You can find 96 more reasons to journal here.
Good stuff, I tell you. My mother wrote in her journal (several volumes) most every day of her life, some days only a sentence or two. But, what a treasure to leave her children.
The new year is the perfect time to start jotting a journal. Yes, you! It won’t do to hide your head in the sand.
Journaling is not another insurmountable task to add to your to-do list. In fact, it’s a wonderful way to tackle life with more merriment and less moping. According to a study published in Advances in Psychiatric Treatment, journaling just 15 to 20 minutes on five occasions was enough to help the participants deal with traumatic, stressful, or otherwise emotional events.
So, let’s get down to the basics:
- Creativity is not required (unless you crave it).

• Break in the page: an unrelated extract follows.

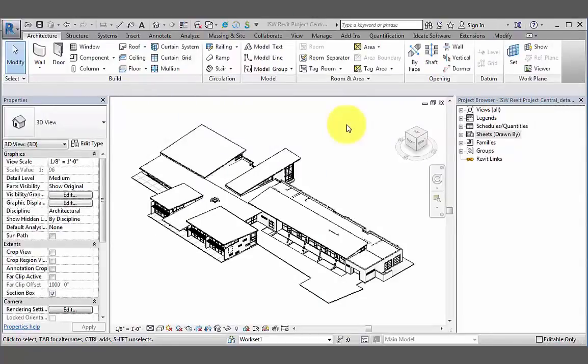In this demonstration, we're going to take a look at how we can use ID8 Explorer to remove non-essential legends, schedules, sheets, and views from our Revit model, whether it be for simply cleaning up our own model or for preparing our model for exchange with consultants.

Art journaling may evolve from your writing routine, but that’s another entry …
- Eloquent writing skills and proper spelling aren’t necessary, either.
- How about reserving a nice notebook for journaling only, something you’re eager to pick up. This year I’m started a Bee Journal as I journey into being a beekeeper.

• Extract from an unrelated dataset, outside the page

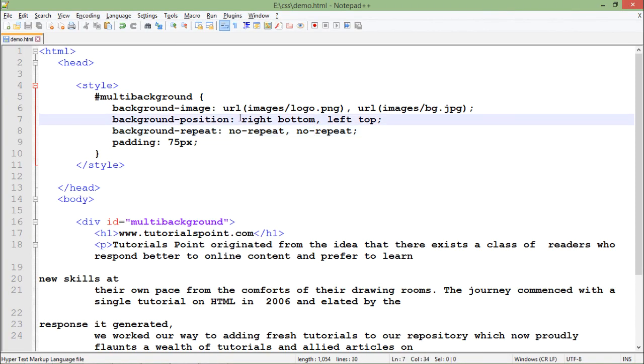So this is how you can use the multi-background feature of CSS3 using multiple URLs and multiple attributes for all the images which you want to set in the background.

- Try to write a little—or a lot—every day. Whether it’s a single sentence vent (“This day has been CRAZY because …”) or a long meander down memory lane, or like me, I usually write about my fascination with people and things outside my personal world. Just pencil in a time each day to let your thoughts flow on paper.
- You don’t have to be nice, but penning positive notes brightens your day.
- Don’t give up if you miss a day or two. Just start again.
- If you aren’t a fan of writing, you can still reap the benefits of journaling. The University of Rochester suggests substituting with a video or audio journal on your phone.